• [Data for the task]:
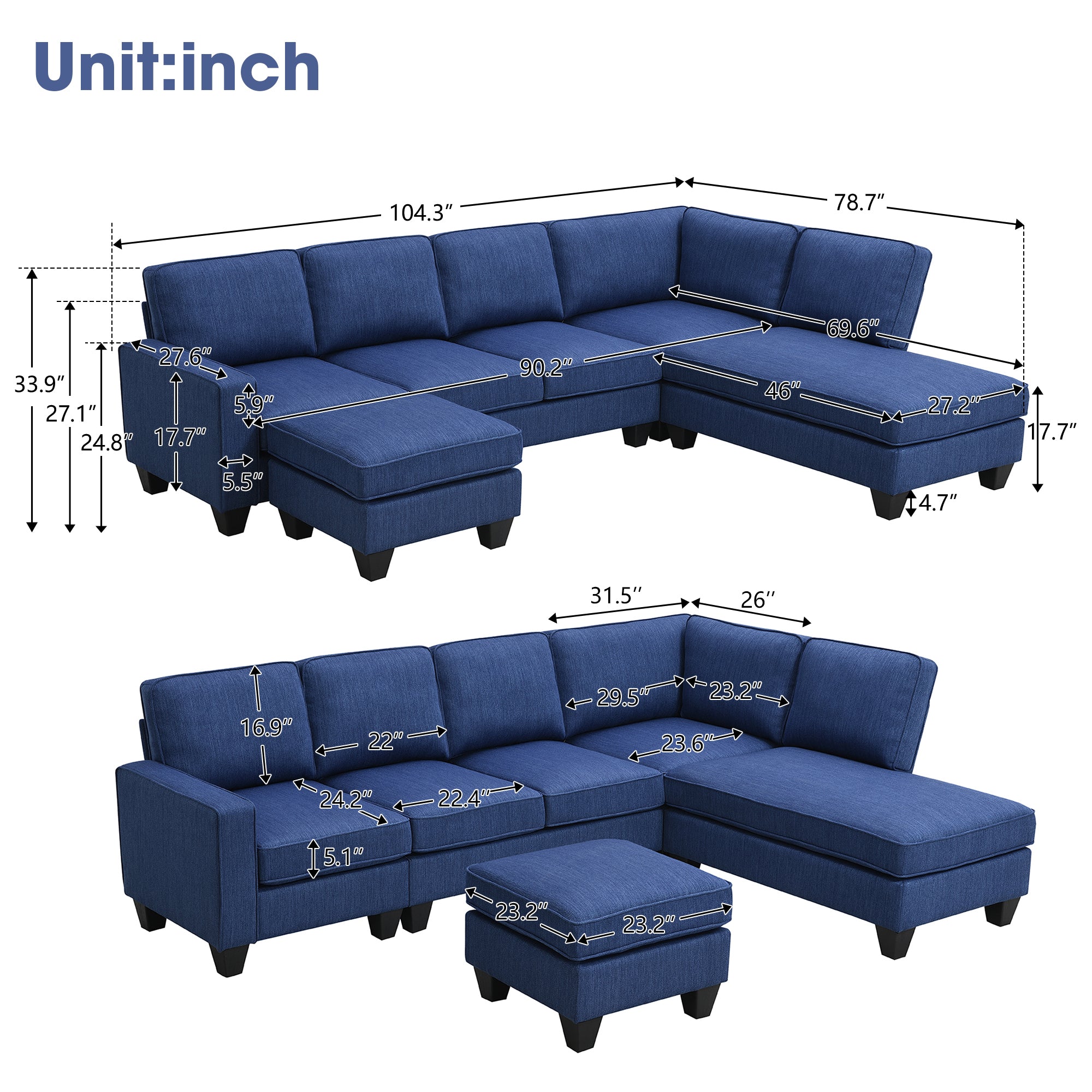Vortex 7-seat Linen Fabric L-shaped Sectional Sofa - Blue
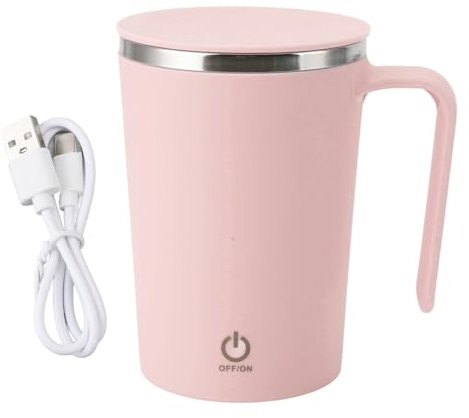 Haofy Stainless Steel Self Stirring Coffee Mug, 12oz Electric Rechargeable Automatic Mixing Cup with Lid, Reusable Magnetic Stirrer for Home, Office and Car (Pink)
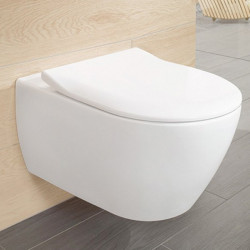 Set vas suspendat WC Villeroy & Boch, Subway 2.0, direct flush, cu capac slim, soft close, alb - Img 4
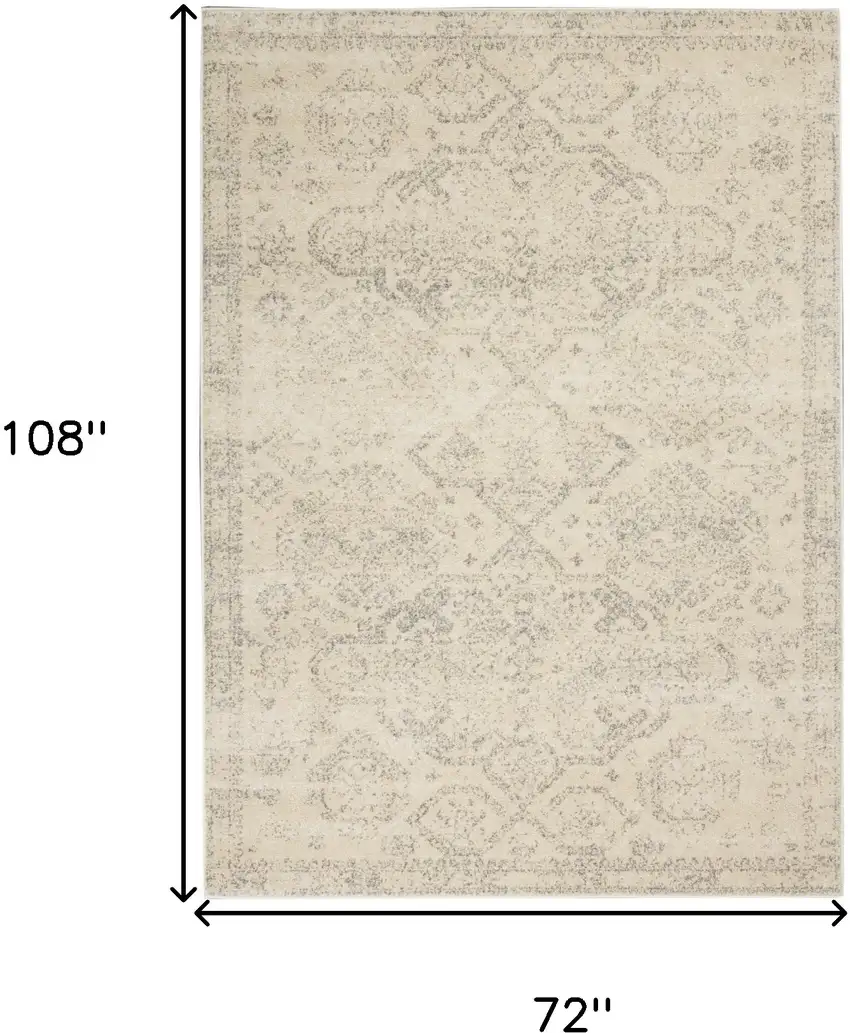 Beige And Gray Geometric Distressed Area Rug Photo 3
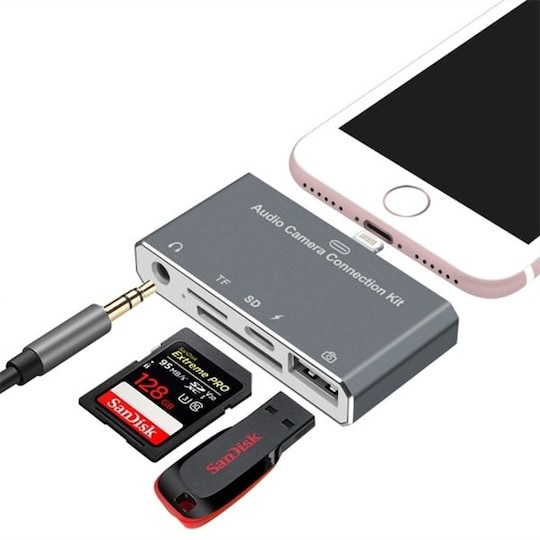 Usb kortlæser 5i1 Adapter til iPhone - SD / 3,5mm Type-C | Elgiganten
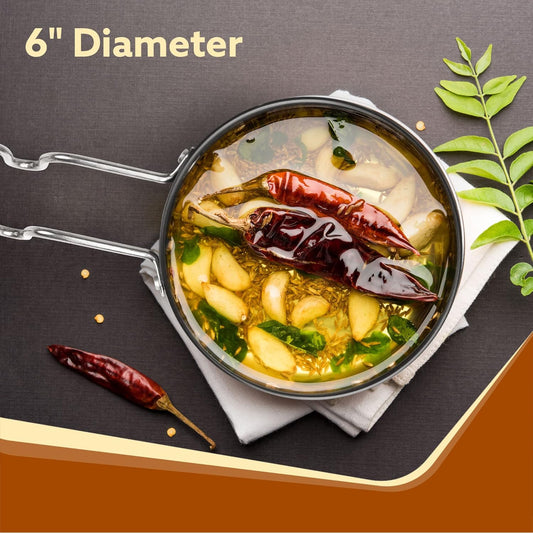 AGARO Elite Hard Anodised Tadka Pan 11cm | 3mm Thick Vaghar/Chounk Pan | Scratch Resistant Frying Pan with Steel Handle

• [Work to complete]: Set down, word for word, the full listing above, and carry over no pictures.

• [Reply to the exercise]:
Vortex 7-seat Linen Fabric L-shaped Sectional Sofa - Blue
 Haofy Stainless Steel Self Stirring Coffee Mug, 12oz Electric Rechargeable Automatic Mixing Cup with Lid, Reusable Magnetic Stirrer for Home, Office and Car (Pink)
 Set vas suspendat WC Villeroy & Boch, Subway 2.0, direct flush, cu capac slim, soft close, alb - Img 4
 Beige And Gray Geometric Distressed Area Rug Photo 3
 Usb kortlæser 5i1 Adapter til iPhone - SD / 3,5mm Type-C | Elgiganten
 AGARO Elite Hard Anodised Tadka Pan 11cm | 3mm Thick Vaghar/Chounk Pan | Scratch Resistant Frying Pan with Steel Handle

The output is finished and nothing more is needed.